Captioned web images
Segment Open
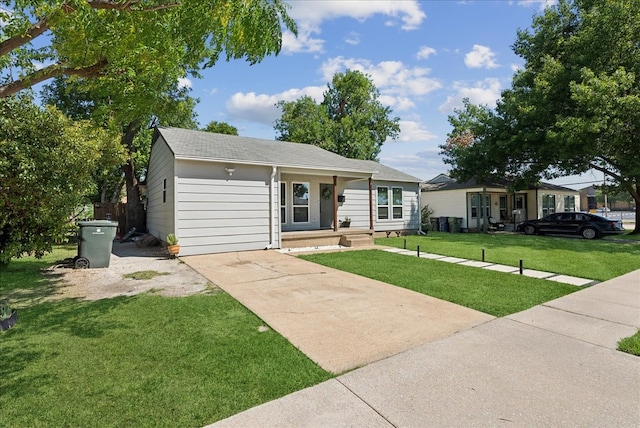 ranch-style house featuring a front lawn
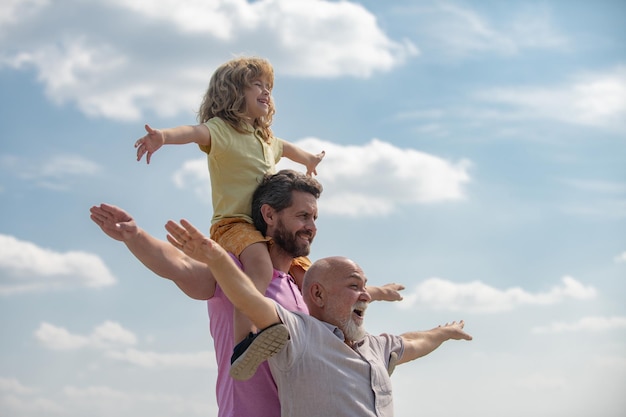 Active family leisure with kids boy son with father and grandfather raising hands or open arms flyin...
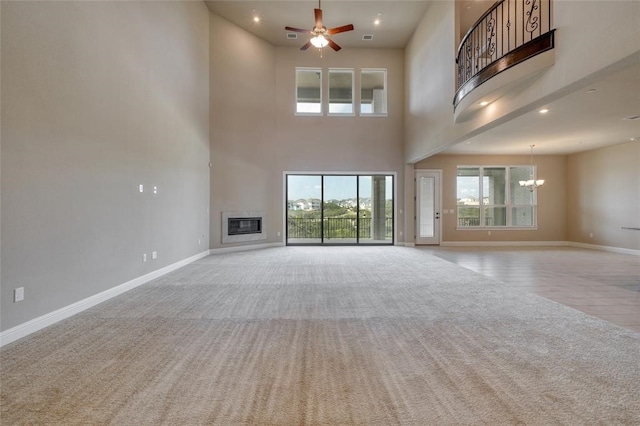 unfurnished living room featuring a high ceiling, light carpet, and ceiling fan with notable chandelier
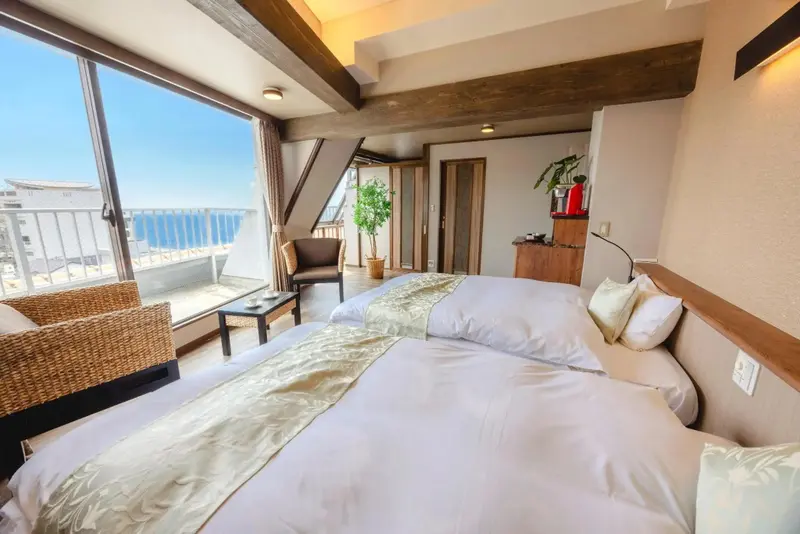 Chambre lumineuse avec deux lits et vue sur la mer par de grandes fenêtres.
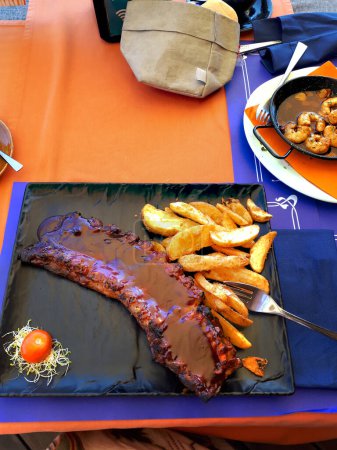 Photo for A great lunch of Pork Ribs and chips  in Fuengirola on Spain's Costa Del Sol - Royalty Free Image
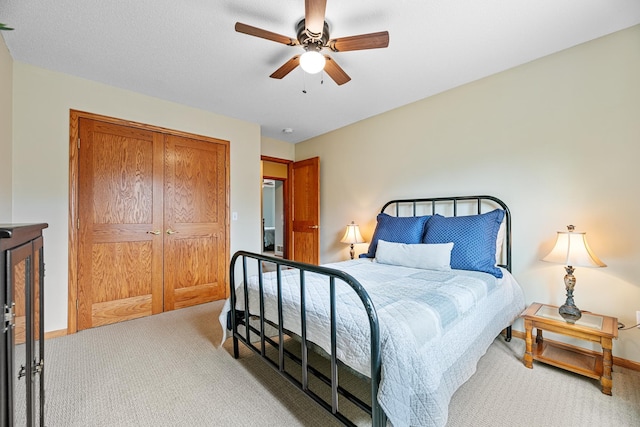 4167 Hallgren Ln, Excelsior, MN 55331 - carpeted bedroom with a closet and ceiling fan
Segment Closed
* **TASK PROMPT**: Could you repeat exactly the lines from the one containing "Active family leisure" to the last line of the records, both included, and leave out every picture?

* **EXERCISE RESPONSE**:
 Active family leisure with kids boy son with father and grandfather raising hands or open arms flyin...
 unfurnished living room featuring a high ceiling, light carpet, and ceiling fan with notable chandelier
 Chambre lumineuse avec deux lits et vue sur la mer par de grandes fenêtres.
 Photo for A great lunch of Pork Ribs and chips  in Fuengirola on Spain's Costa Del Sol - Royalty Free Image
 4167 Hallgren Ln, Excelsior, MN 55331 - carpeted bedroom with a closet and ceiling fan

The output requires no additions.